_DIRECTIONS:_ Look below for the line with "Cody Bellinger of" and the line with "Black coral stud earrings"; repeat exactly those two lines and all lines between them, but no pictures.

DATA FOR PROCESSING section start

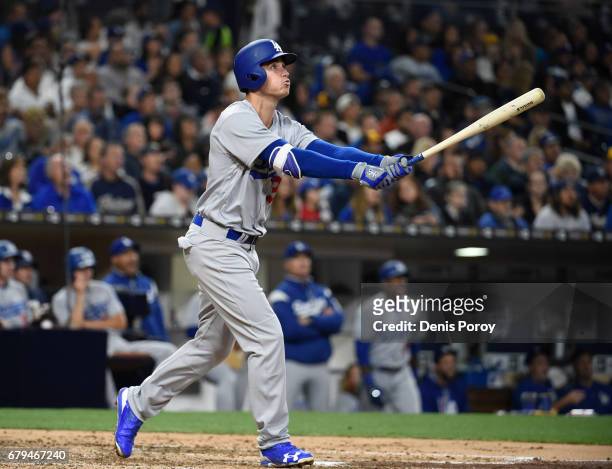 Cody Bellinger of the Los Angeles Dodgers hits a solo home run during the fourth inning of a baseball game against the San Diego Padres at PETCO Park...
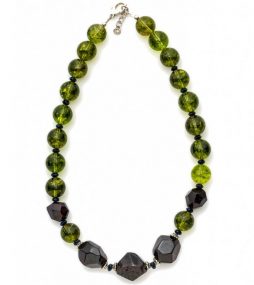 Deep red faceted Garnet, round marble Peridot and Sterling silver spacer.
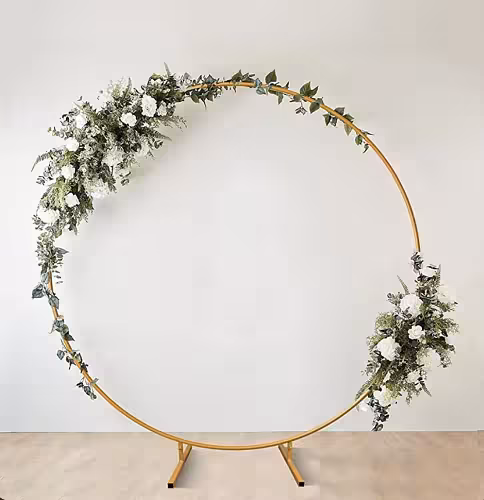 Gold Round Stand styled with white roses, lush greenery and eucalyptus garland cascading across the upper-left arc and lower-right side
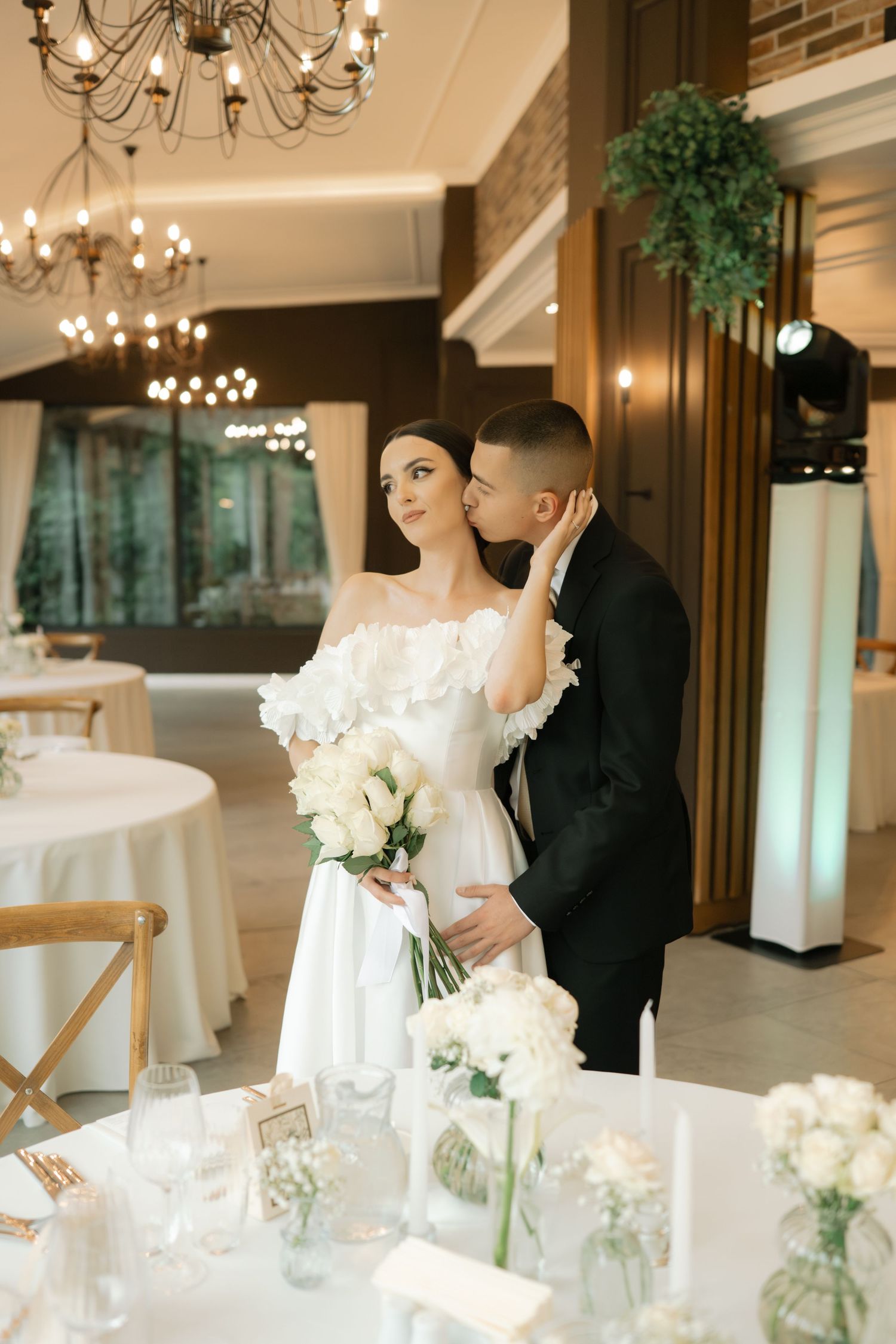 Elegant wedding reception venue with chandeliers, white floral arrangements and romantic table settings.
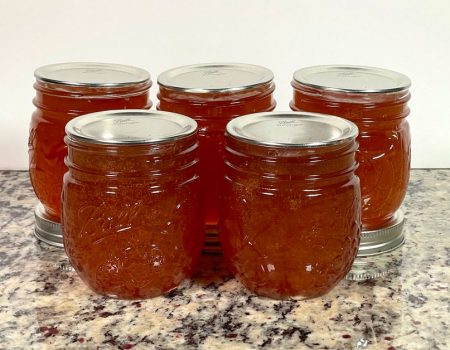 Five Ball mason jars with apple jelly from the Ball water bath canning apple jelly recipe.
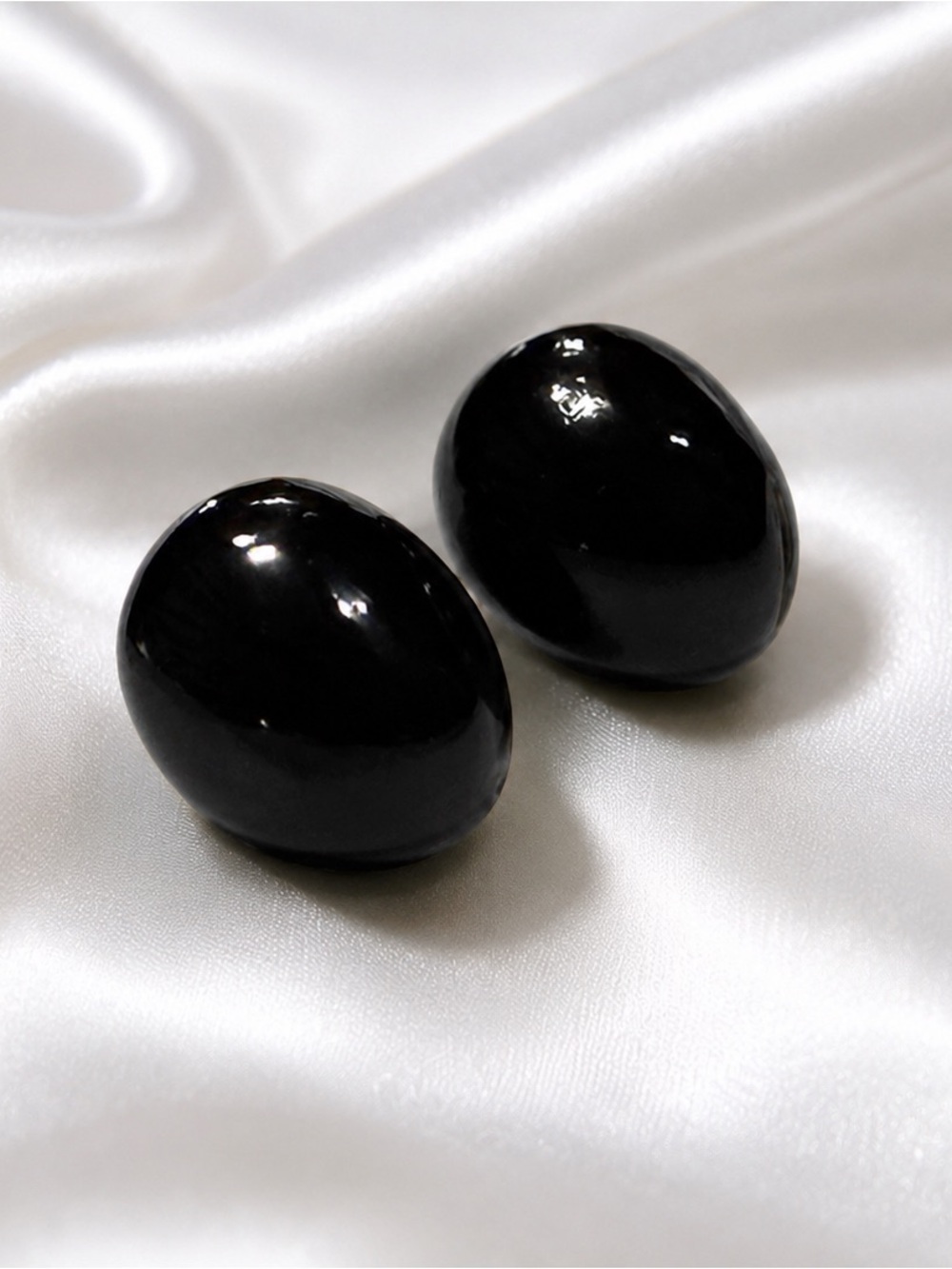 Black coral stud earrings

DATA FOR PROCESSING section end
DATA FOR PROCESSING section start

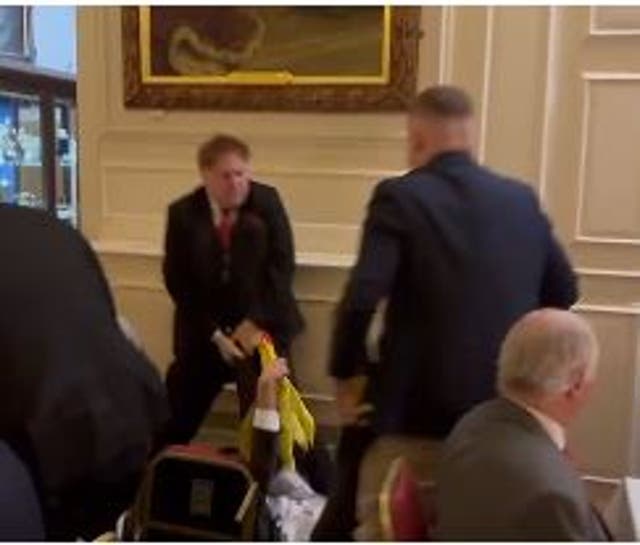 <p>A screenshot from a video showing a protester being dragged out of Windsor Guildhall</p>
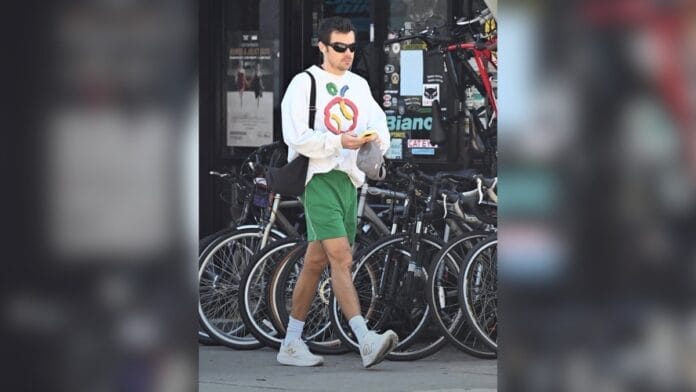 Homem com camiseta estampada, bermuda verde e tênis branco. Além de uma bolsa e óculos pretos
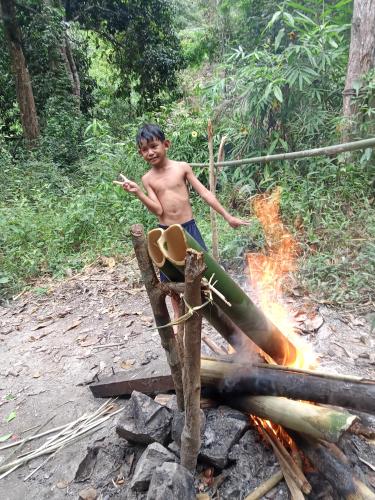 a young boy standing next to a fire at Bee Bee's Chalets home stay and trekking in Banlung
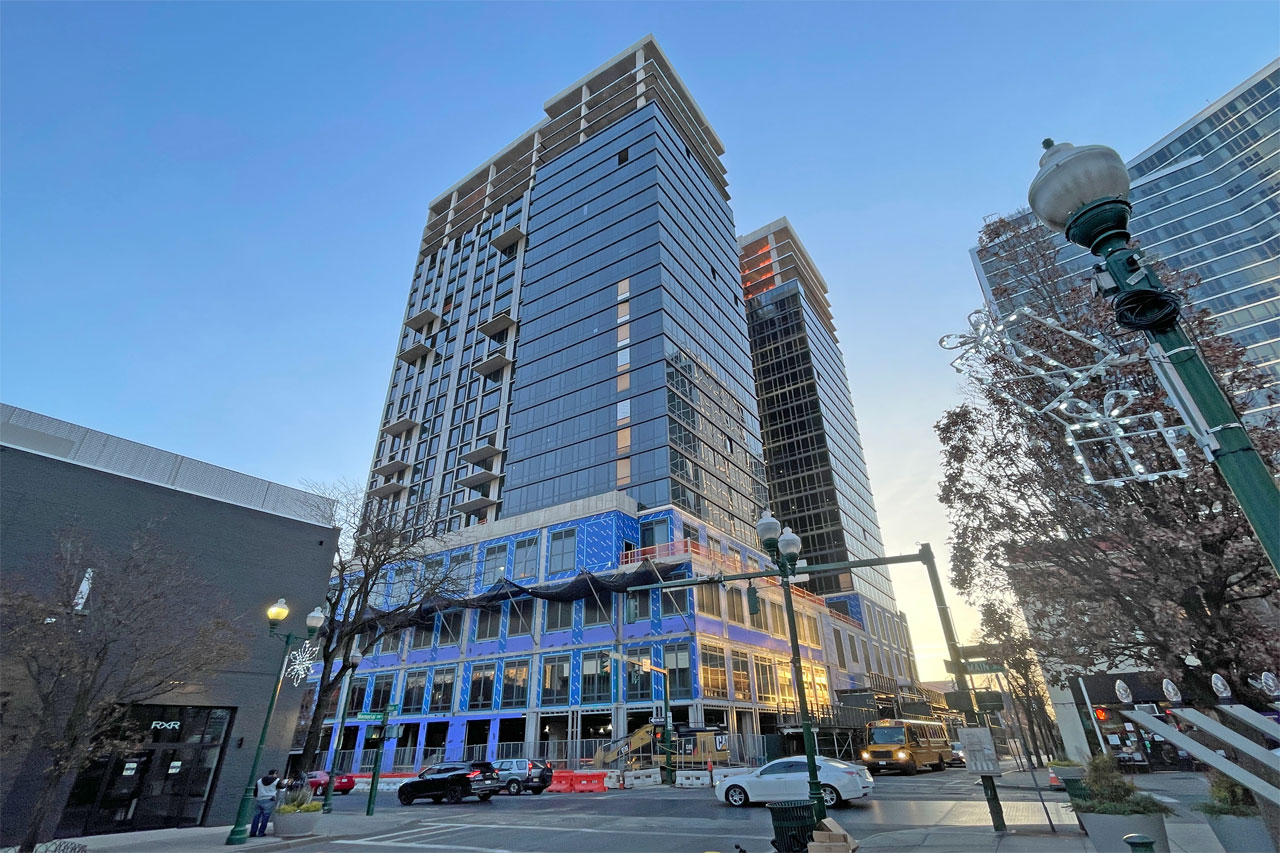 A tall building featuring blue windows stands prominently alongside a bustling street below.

DATA FOR PROCESSING section end
DATA FOR PROCESSING section start

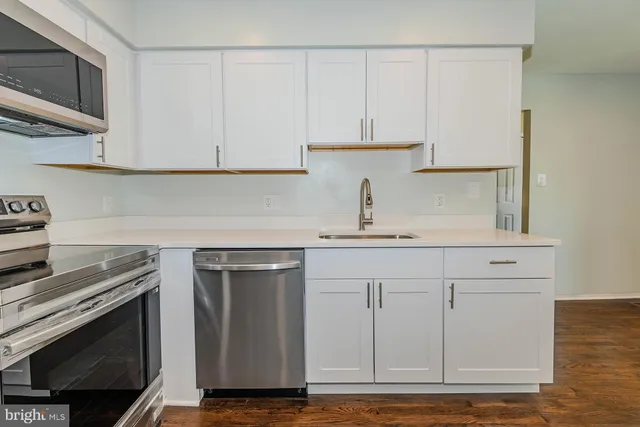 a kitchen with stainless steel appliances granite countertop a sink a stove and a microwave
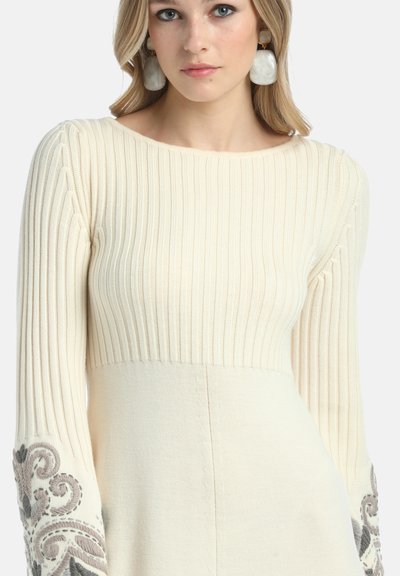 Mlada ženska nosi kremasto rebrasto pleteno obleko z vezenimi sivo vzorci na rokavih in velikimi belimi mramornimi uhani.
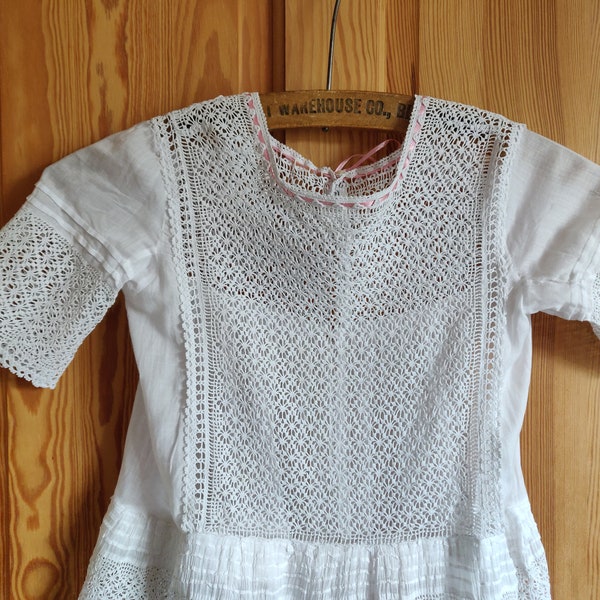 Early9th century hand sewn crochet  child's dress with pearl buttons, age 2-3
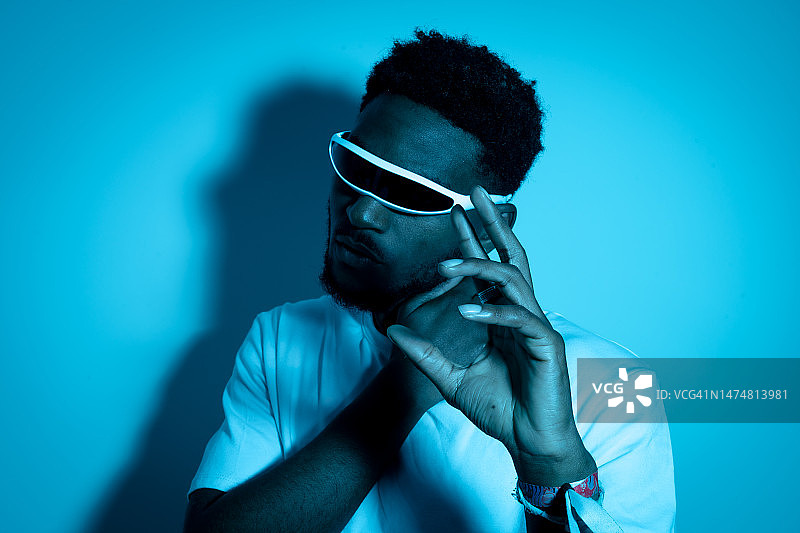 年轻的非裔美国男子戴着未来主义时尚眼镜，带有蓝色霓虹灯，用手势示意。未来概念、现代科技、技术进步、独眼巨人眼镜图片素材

DATA FOR PROCESSING section end

_RESPONSE:_
 Cody Bellinger of the Los Angeles Dodgers hits a solo home run during the fourth inning of a baseball game against the San Diego Padres at PETCO Park...
 Deep red faceted Garnet, round marble Peridot and Sterling silver spacer.
 Gold Round Stand styled with white roses, lush greenery and eucalyptus garland cascading across the upper-left arc and lower-right side
 Elegant wedding reception venue with chandeliers, white floral arrangements and romantic table settings.
 Five Ball mason jars with apple jelly from the Ball water bath canning apple jelly recipe.
 Black coral stud earrings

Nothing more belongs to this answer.